According to Anchieta, the list of aggressions against female activists includes threats, stalking, surveillance, harassment, kidnappings, forced disappearances, torture, criminalization, arbitrary detentions, and even death. In the last three years, aggressions against female activists have risen 25%, and 11 of those were assassinated after denouncing public officials and businessmen, Anchieta added in statements for the press.
But the impunity that aggressors who attack human rights activists enjoy may come to an end with a detention order the Attorney General’s Office of the southern state of Oaxaca issued on Oct 1. The detention order is made against 12 alleged murderers of Bety Cariño and the Finnish observer Jyry Antero Jaakkola, killed in April 2010 in the indigenous community of San Juan Copala, Oaxaca, as they were participating in a caravan convened by social organizations that demanded peace in that community, which was controlled by paramilitaries.
Cariño, a Mixtec indigenous woman, was the director of the Working United Center for Community Support, a civil organization that works on popular education, indigenous rights and women’s rights projects in Oaxaca.
The lawyers of the victims’ families, David Peña and Karla Micheel Salas, of the National Democratic Lawyers Association, highlighted in a press conference that “we are facing a real possibility that the murderers of human rights activists will be sanctioned and criminally punished. Once the arrest warrants are completed and the murder cases against them are initiated, we can declare that impunity in Oaxaca is broken.”
Peña and Salas indicated that Cariño and Jaakkola were killed by members of the paramilitary group named Union of Social Wellness of the Triqui Region — linked to the Institutional Revolutionary Party that will return to power in December after winning the presidential elections this past July. The lawyers also mentioned that the paramilitary group “received money from [then] Governor Ulises Ruiz and other officials of the Oaxaca government.”

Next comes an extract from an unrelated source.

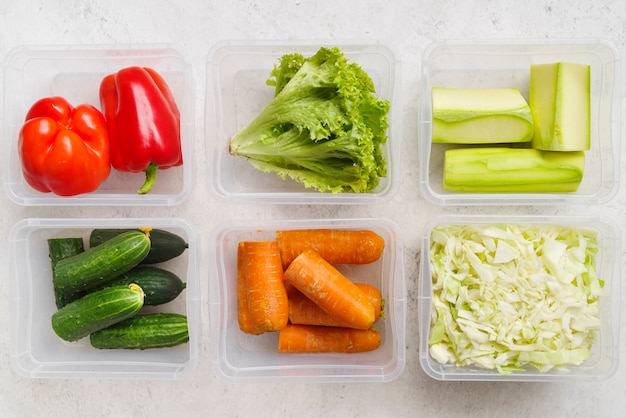 Free photo top view of vegetables arrangement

“For the first time steps will be taken against the impunity former Governor Ulises Ruiz stealthily executed and encouraged,” indicated Peña.
The arrest warrants were issued for “first degree murder” because the Attorney General’s Office, as part of its task to investigate, obtain testimonies, use expert evidence and the collaboration of the victims’ families and their lawyers, was able to establish that the responsible parties acted premeditatedly, treacherously, and with a greater advantage.
“This is not over yet,” said Omar Esparza, Cariño’s husband. “This is only another step in this long path that we have been following in these last two and a half years, but without a doubt this is a new hope in search for justice”.